- **Task brief**
Exactly the lines from the one with "Cayman yachts S520 new" through the end of the records below are needed, minus any pictures.

- **Supplied information**

_ _ _ _

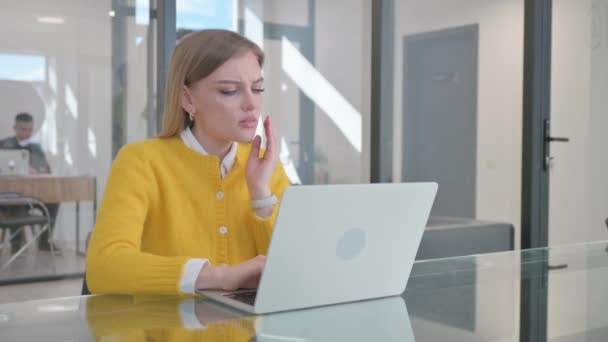 オフィスで歯痛を持つ若い女性 — ストック動画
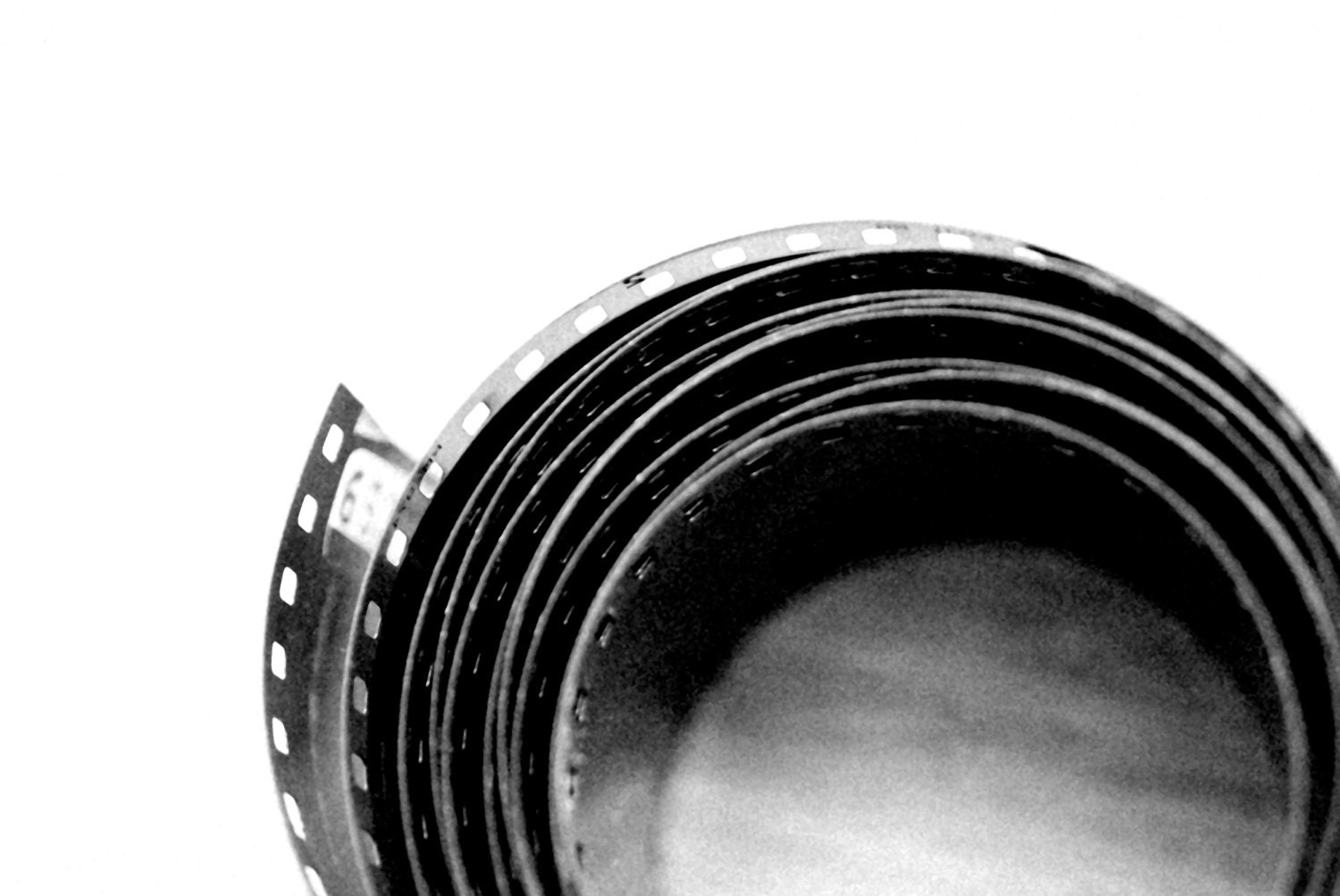 35mm BLACK & WHITE Film Processing And Printing Send Us Your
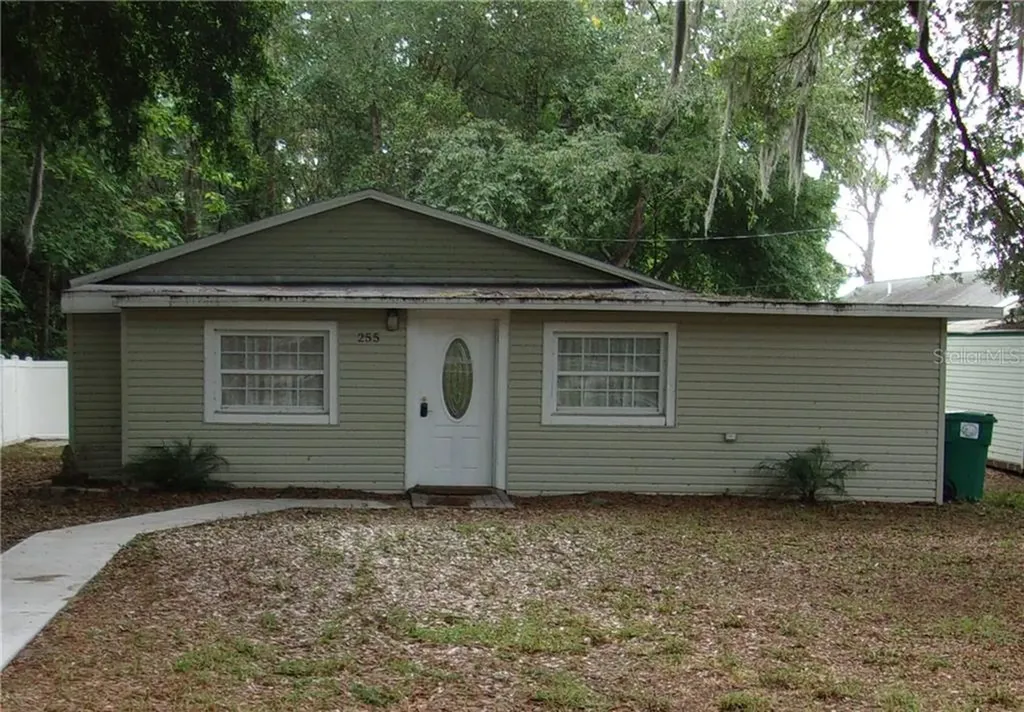 255 N Clay Avenue Lady Lake FL 32159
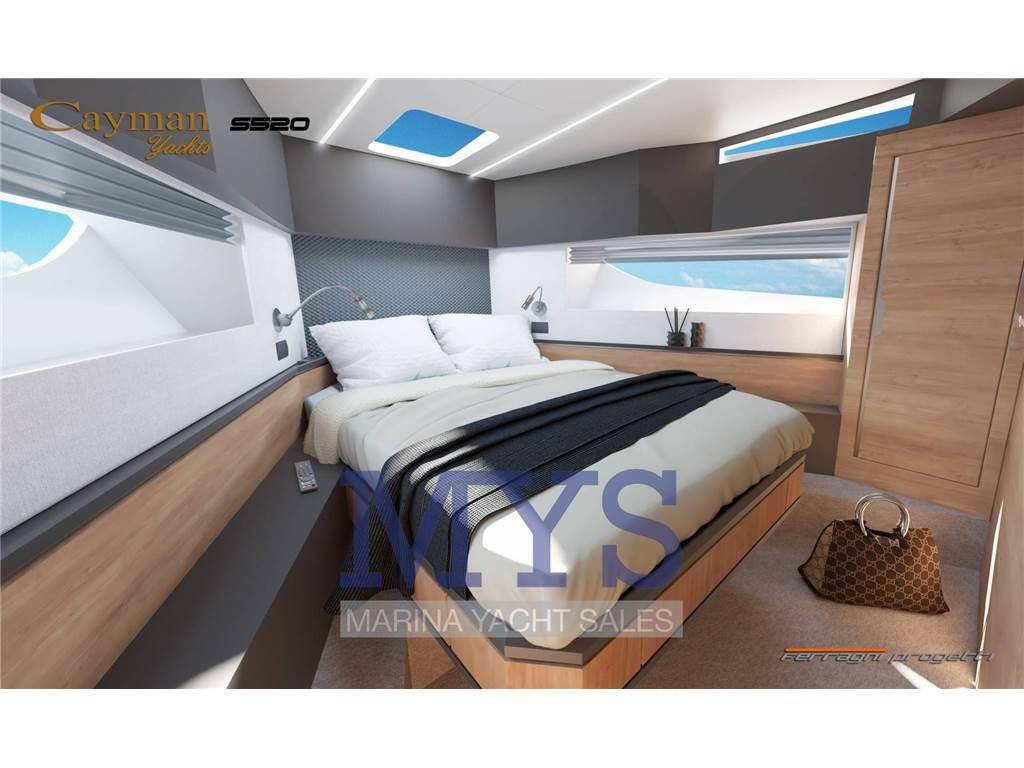 Cayman yachts S520 new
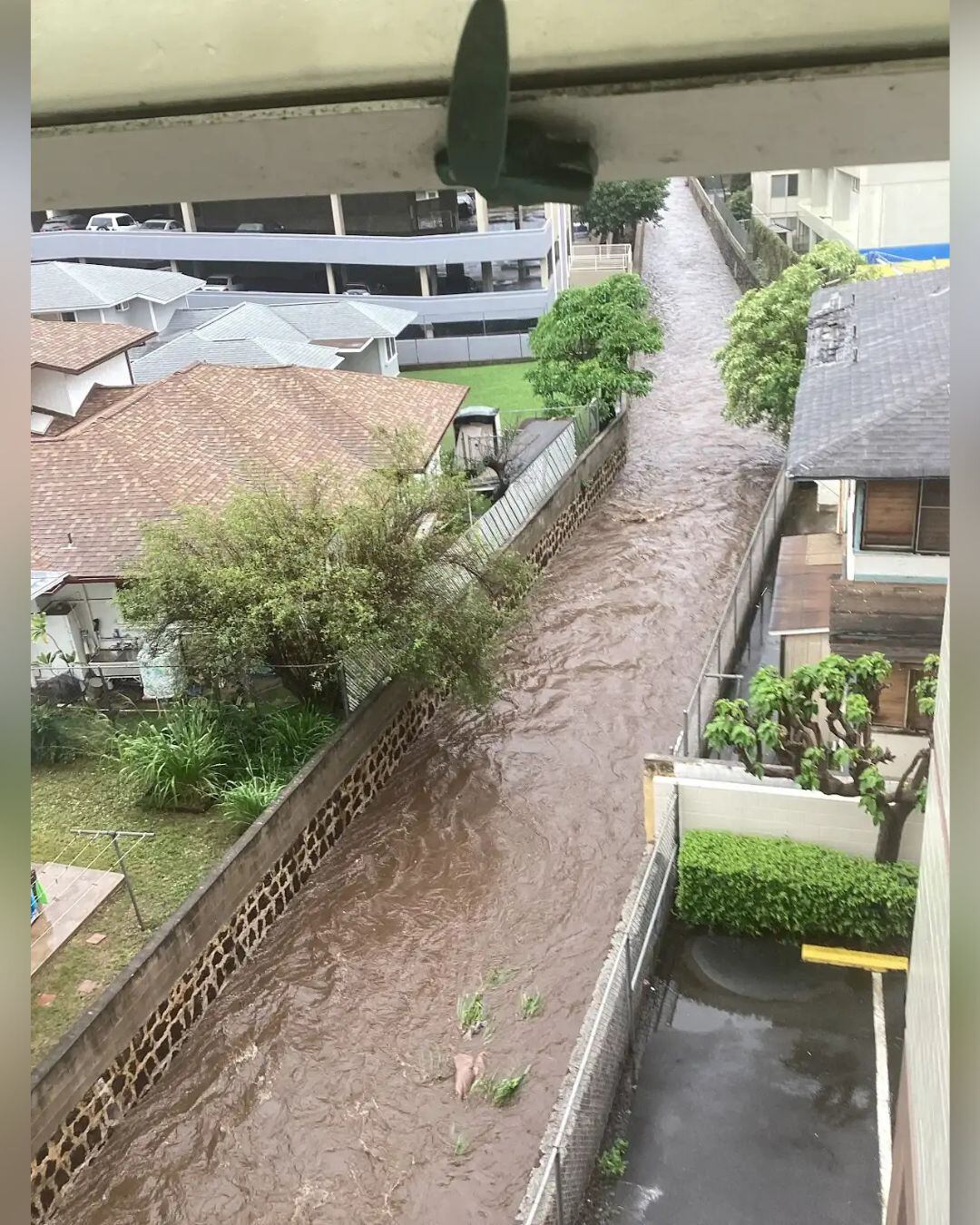 AA1Z5Gcf Boil Water Alert Issued for North Shore Amid Water System Concerns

_ _ _ _

- **Finished exercise**
 Cayman yachts S520 new
 AA1Z5Gcf Boil Water Alert Issued for North Shore Amid Water System Concerns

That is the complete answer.